There are a few drawbacks to this setup.
- The pull process took between 10-15 minutes, so if I really wanted to watch an episode after it recorded, I couldn’t.
- The Tablo downsamples all Dolby Digital 5.1 audio to stereo, this hurts for a guy who has a full home theater setup.
- The Tablo applies extra compression to the video content, bringing 15-18Mbps video down to around 10Mbps.
- surlatablo worked for the most part, but randomly would get wedged and partially pull recordings from the Tablo.
- The MP4 or ts file that comes from the Tablo would lose audio sync if the OTA signal degraded.
Even with these drawbacks, I had this flow working for a long time and it did what I needed to.
Post Plex and Tablo
I had been looking at how I could repurpose the two SiliconDust HD Homeruns I had (the original from seven years ago and the Extend from late 2016). I found tvheadend and was messing around with it on a Raspberry pi for a long while. I got it up and running, but I had issues getting channels and the EPG working correctly. The other thing I couldn’t figure out was getting the recordings to be named in the Plex naming convention for indexing in Plex or Infuse naming convention for use with Infuse on my Apple TV.
For one weekend, I sat down and figured it all out, I will write up how to do it in a separate post. But, it did take some figuring out and is definitely not a turn-key solution like the Tablo. But, so far, it has been stable and has been working without issue.
The workflow here looks like:
- tvheadend runs on its own server where I schedule recordings via the web interface or the tvhClient on the Apple TV or my iOS devices.
- tvheadend records to an attached harddrive.
- The recordings are shared via SMB.
- I watch the recordings via Infuse Pro 5 on my Apple TV, iPhone or iPad Air (I can even download the recordings to my iPhone and iPad Air for offline viewing).
The biggest benefit is the ability to record the raw MPEG-2 data from the antenna, complete with Dolby Digital 5.1 audio.

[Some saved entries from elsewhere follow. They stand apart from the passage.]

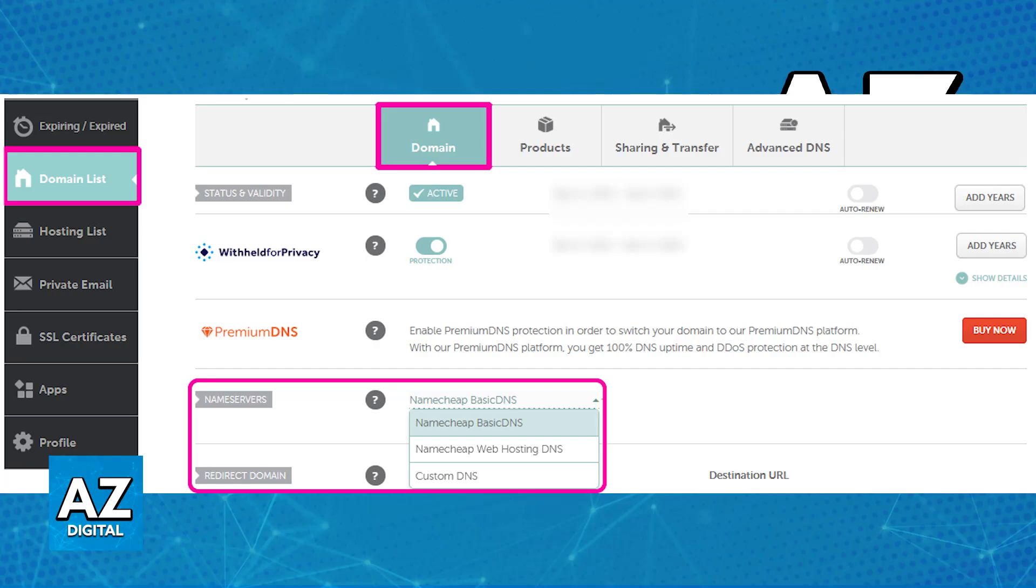As with today, there should be three main options: Namecheap Basic DNS, Namecheap Web Hosting DNS, and finally, Custom DNS. This is going to be the option that you are going to choose if you want to use nameservers from a different provider.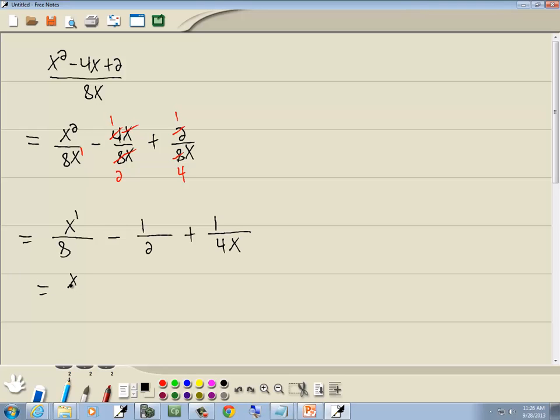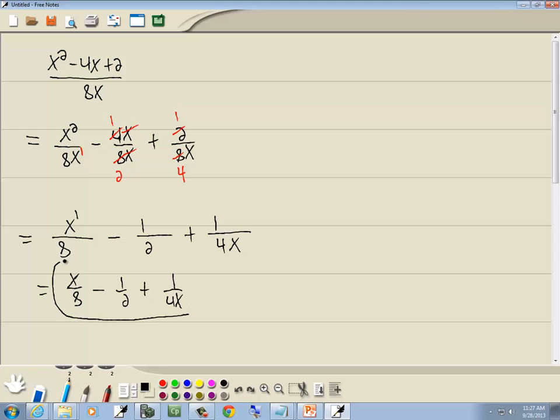So we've got x over 8, or one-eighth x if you want to write it that way, minus one half, plus 1 over 4x. And that's our answer.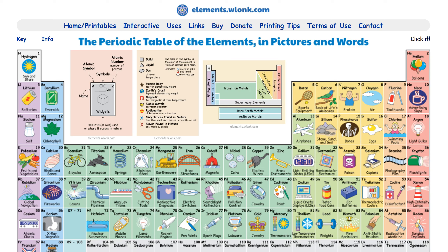Now, the neat thing about this is not only is it interactive and students can pick here, but if you go to the home page and select printables, the creator of this site, Keith Envildson — I'm probably butchering that name — has made it available in high resolution PDFs that you can download and print out this way.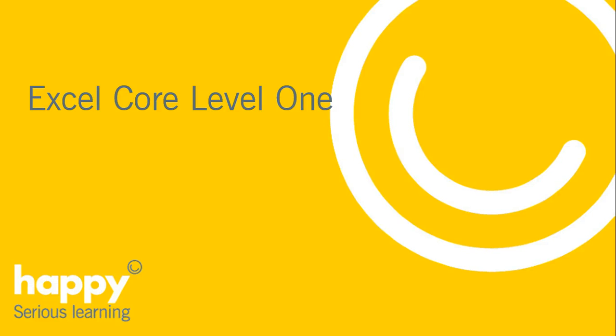Hi, in this clip I'll tell you all about our Excel Core Level 1 course and show you what you'll learn.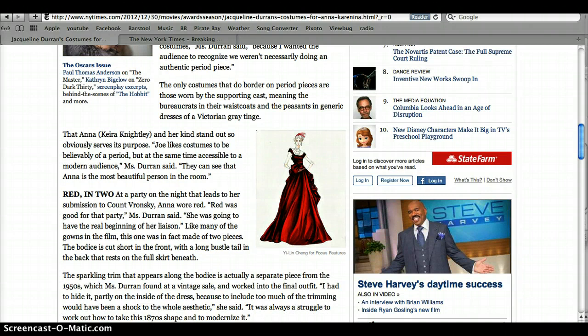In conclusion, that was an overview of our online research for costume design.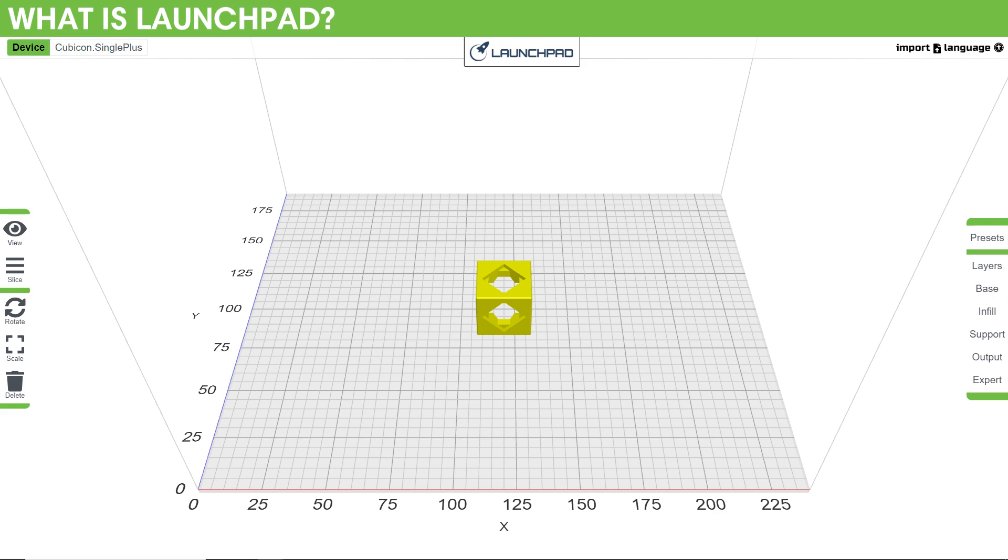What is Launchpad? It's a cloud-based slicing software developed by our team here at Inksmith. It runs exclusively in a browser, which means nothing needs to be downloaded onto the computer and will work on any device with a browser that's connected to the internet.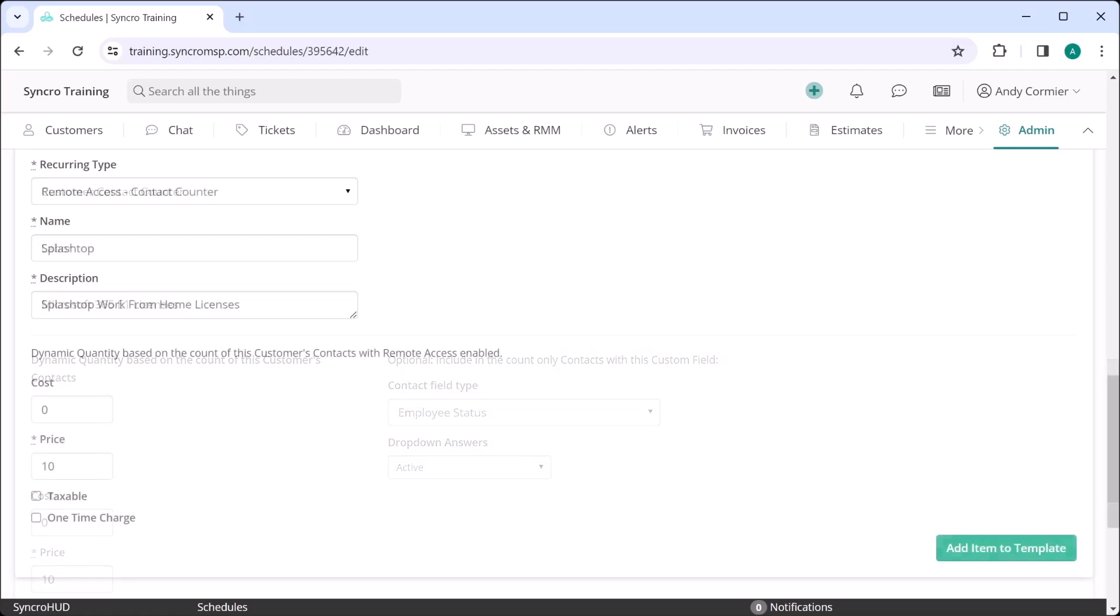Now Synchro offers SplashTop as its native remote access tool, and this can be extended to your end users for an additional cost. You can even use that as a line item to dynamically count how many contacts at any given customer are using this functionality and bill accordingly.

Infuse 5 de-interlaces video fine, though I found that the pilot of Star Trek: Discovery had some jerky playback during some pans – though the video played fine in MrMC. There is no comparison between the 15-18Mbps video and the 10Mbps video coming off the Tablo.
Six Months Later
I have been running the tvheadend setup for six months now. I replaced the two old HD Homeruns with a single four-tuner HD Homerun Quatro about two months into the switch and it has been running smooth since. The Quatro, with its new tuners has been performing well with tvheadend and bringing in the signal from the TV towers some 40-miles away.
tvheadend has turned out to be a stable set-and-forget solution for a whole-home networked DVR. There are some minor drawbacks to the setup:
- While the raw MPEG-2 recordings are awesome in quality, they take up a lot of storage compared to the MPEG-4 transcoded recordings that the Tablo produced.
- There’s not a tight integration between the front-end (Infuse or MrMC) and the backend (tvheadend). The tvhClient is nice, but it is not as feature rich as Infuse.
- Because there is no integration between front-end and back-end useful things like preview frames for scrubbing through a recording aren’t available.
- Also, Infuse needs to scan the SMB share when it starts to pick up new recordings and then go through a process of pulling down metadata information. This takes time before a video shows up in the library for viewing.
- Setting up tvheadend can be quite a task.
But, given all these drawbacks, having a stable reliable networked DVR is priceless. And, tvheadend is open source, so it is free to use. There are ways to get EPG data free (scrapping), but I pay the minimal fee for Schedules Direct ($25/year currently).